Schaefer goes back to capital for award

By Jennifer Skalka
Sun reporter

March 29, 2007

William Donald Schaefer made a quiet return to Annapolis yesterday to accept the annual First Citizen Award, bestowed by the governor and Senate President Thomas V. Mike Miller.

Schaefer, 85, walked gingerly to the Senate podium to accept the honor, created in 1992 to recognize individuals who have made important contributions to the state through public service or philanthropy. Former Attorney General J. Joseph Curran Jr., the father-in-law of Gov. Martin O'Malley, also received the tribute.

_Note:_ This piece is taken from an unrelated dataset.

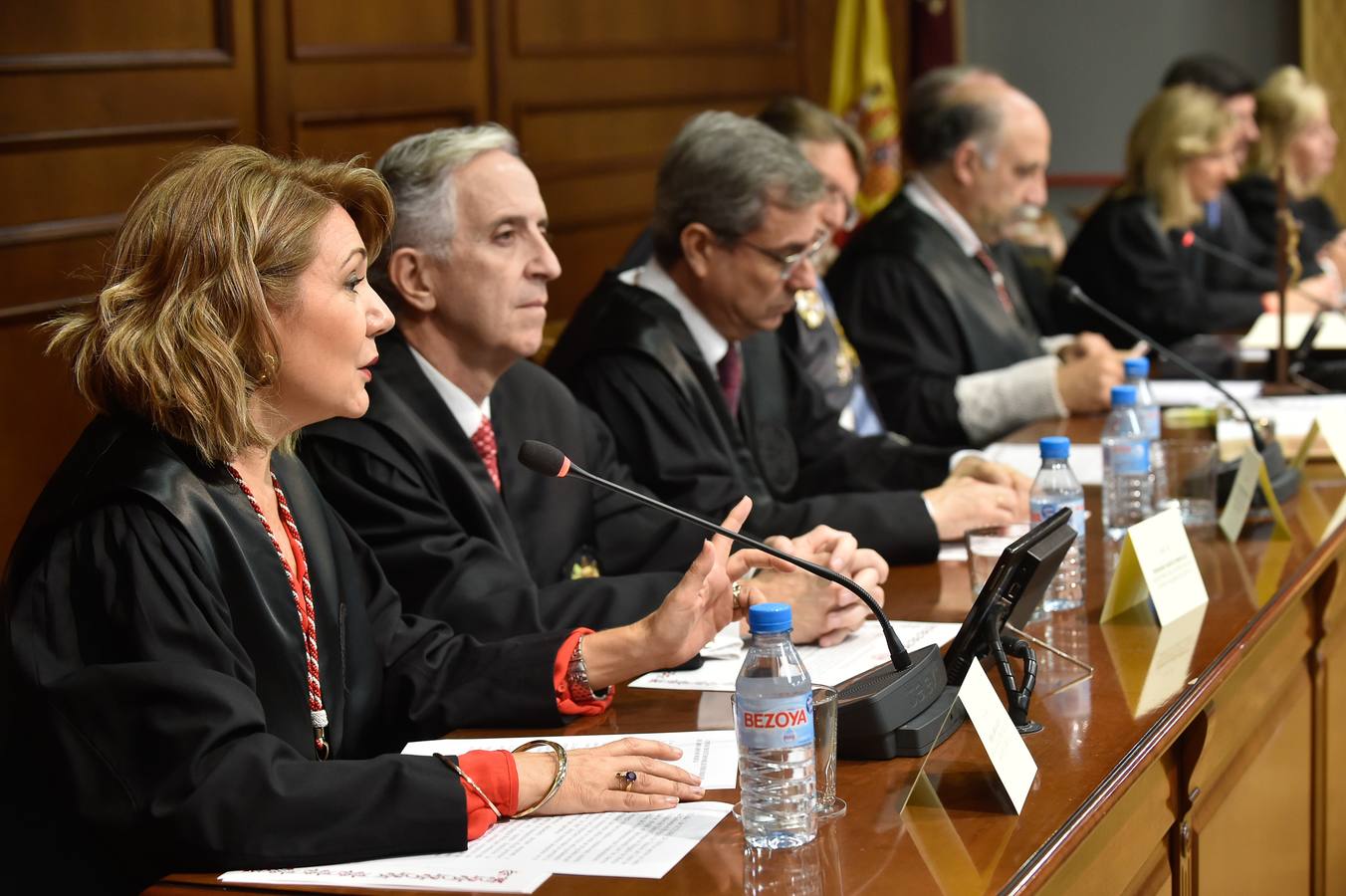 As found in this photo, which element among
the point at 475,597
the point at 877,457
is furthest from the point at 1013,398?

"William Donald Schaefer has left his mark on every office he has ever held," said Edward C. Papenfuse, the Maryland state archivist. "His insistence on product and getting things done, from fixing potholes to building stadiums, is legendary. ... The tributes and accolades for his accomplishments have even made it into newspapers he doesn't like."

Speaking in a soft voice for a few minutes, Schaefer noted several times that he had left his prepared speech at home. He said he was lucky to serve as Baltimore mayor, governor and state comptroller, and even found kind words for O'Malley, a longtime political foe.

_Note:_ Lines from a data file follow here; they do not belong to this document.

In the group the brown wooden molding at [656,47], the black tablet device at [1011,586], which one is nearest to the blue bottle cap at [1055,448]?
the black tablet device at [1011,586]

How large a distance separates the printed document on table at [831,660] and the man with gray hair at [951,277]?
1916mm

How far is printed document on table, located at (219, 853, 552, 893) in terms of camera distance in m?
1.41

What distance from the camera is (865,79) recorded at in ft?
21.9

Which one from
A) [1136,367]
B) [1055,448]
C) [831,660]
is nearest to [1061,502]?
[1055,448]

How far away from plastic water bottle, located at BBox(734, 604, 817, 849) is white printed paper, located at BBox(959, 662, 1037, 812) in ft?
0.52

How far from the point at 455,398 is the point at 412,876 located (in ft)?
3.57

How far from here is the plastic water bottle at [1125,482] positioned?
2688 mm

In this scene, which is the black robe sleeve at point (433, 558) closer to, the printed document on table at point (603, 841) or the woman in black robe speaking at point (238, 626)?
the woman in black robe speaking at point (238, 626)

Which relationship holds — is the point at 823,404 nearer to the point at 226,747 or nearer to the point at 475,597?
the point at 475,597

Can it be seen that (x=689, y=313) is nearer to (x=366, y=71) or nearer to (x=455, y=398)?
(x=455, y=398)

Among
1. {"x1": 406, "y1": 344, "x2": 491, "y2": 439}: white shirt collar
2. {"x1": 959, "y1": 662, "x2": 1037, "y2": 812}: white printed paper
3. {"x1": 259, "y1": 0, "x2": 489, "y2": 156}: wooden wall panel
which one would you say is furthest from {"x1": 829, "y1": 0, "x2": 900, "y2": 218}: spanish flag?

"You've got a nice young governor who I used to fight with all the time," he said to a chamber packed with lawmakers, former Schaefer aides and several members of Curran's family.

"Laugh," Schaefer told his audience. "Stand up and laugh."

Schaefer, who lost last year's Democratic primary for comptroller, managed a complaint even in a moment of celebration. He said that when he was governor, the Senate president never let him enter the chamber. "I could never get in the door," he said. "He kept me out."

Curran, a former lieutenant governor who retired this year after two decades as attorney general, was toasted by Papenfuse for his fairness, love of state history and strong attachment to family. First lady Catherine Curran O'Malley and two of her siblings looked on from the Senate floor.

Curran, 75, said he especially enjoys his most recent title: first grandfather.

The governor said of both honorees: "They have done their best their entire lives for the hopes and dreams that all of us share."